Emma let him take her hand in his. He carried it to his lips and kissed it gently. "Do not worry, my dear. Your father's manner makes him seem weaker than he is. He may be with us for many years yet."

His gentle kiss and kind words lifted Emma's spirits further. "Yes, you are right. Father takes such excessively good care of himself I am sometimes deceived into thinking it truly necessary."

Mr. Knightley chuckled quietly and the sound pleased Emma. She liked few things more than making him laugh. As he laughed, his eyes seemed to focus in the distance. "Do you remember when we were up here with little Emma, your sister's baby, not long after our quarrel over Robert Martin and Harriet Smith?"

"You would remind me of that," she said, with low-toned, mock severity. "Why is it that the scenes you remember best are always those in which I behaved the worst?"

He chuckled again and looked at the nanny before speaking. "I could say because such scenes are so plentiful," he stopped and looked directly into her eyes, "but that would be just me teasing you. I remember many scenes, dearest Emma, in which you behaved best."

She was unsure what he intended, but his words made her color rise. "Mr. Knightley," she whispered, "George, the nanny."

"Why Emma, what are you thinking?" He asked as if his innocence were Edenic. "I cannot guess."

She smiled at him, a large and sweet smile. She enjoyed him so much, and so much more than she had even expected. It was one thing to know him at Hartfield before they were wed, but entirely another to know him afterward. They had always enjoyed each other's company more than anyone else's, but daily intimacy between them had taught them just how true that was. Theirs was a love of laughter as well as of longing.
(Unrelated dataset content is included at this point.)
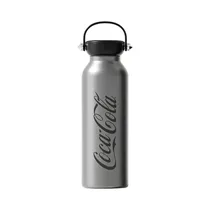 Coca Cola Botella Termica Nonoo Coca-Cola NS550K3 550ML Negro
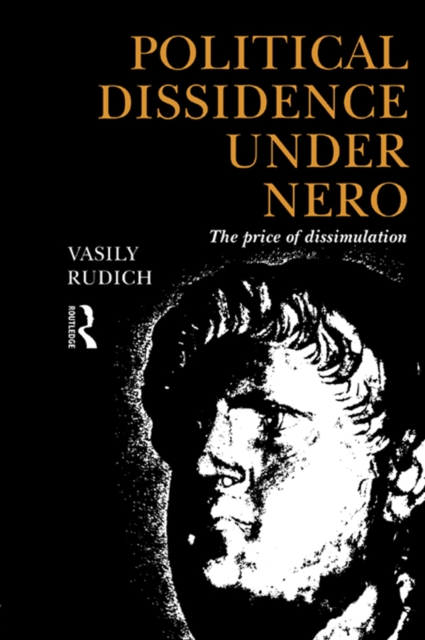 Political Dissidence Under Nero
"If you do not stop this," she said with deliberate pertness and a lift of her chin, "I shall be forced to speak with you only when we have a chaperone, a wakeful chaperone, in our company."

Mr. Knightley kissed her cheek and chuckled again. "The choice is yours, my wife."

She did not answer but she did take his hand and squeeze it in her own.

They left the nursery holding hands and only separated when they reached the stairs. As they descended, Emma looked at Mr. Knightley. "I saw you had a note from John. Are he and Isabella still to arrive the day after tomorrow?"

"Yes, and not only with the children. There has been a last-minute addition to their party. That was why John wrote."

"Who — is it someone I know?"

"No, Emma. I do not know the woman either. But she is a friend of your sister, a widow, Mrs. Modesta Shivers, and Isabella is eager to introduce her to us. John hopes this will not be too much of an inconvenience. May I write to him and say that it is not?"

"Yes, please. I'll be sure to have a room ready for Mrs. Shivers too."

"Then I shall write John now," Mr. Knightley said with his typical decision as they reached the foot of the stairs. He turned to go into the library. Emma turned to go and see her father — the news of an addition to the family party would take him time to accept.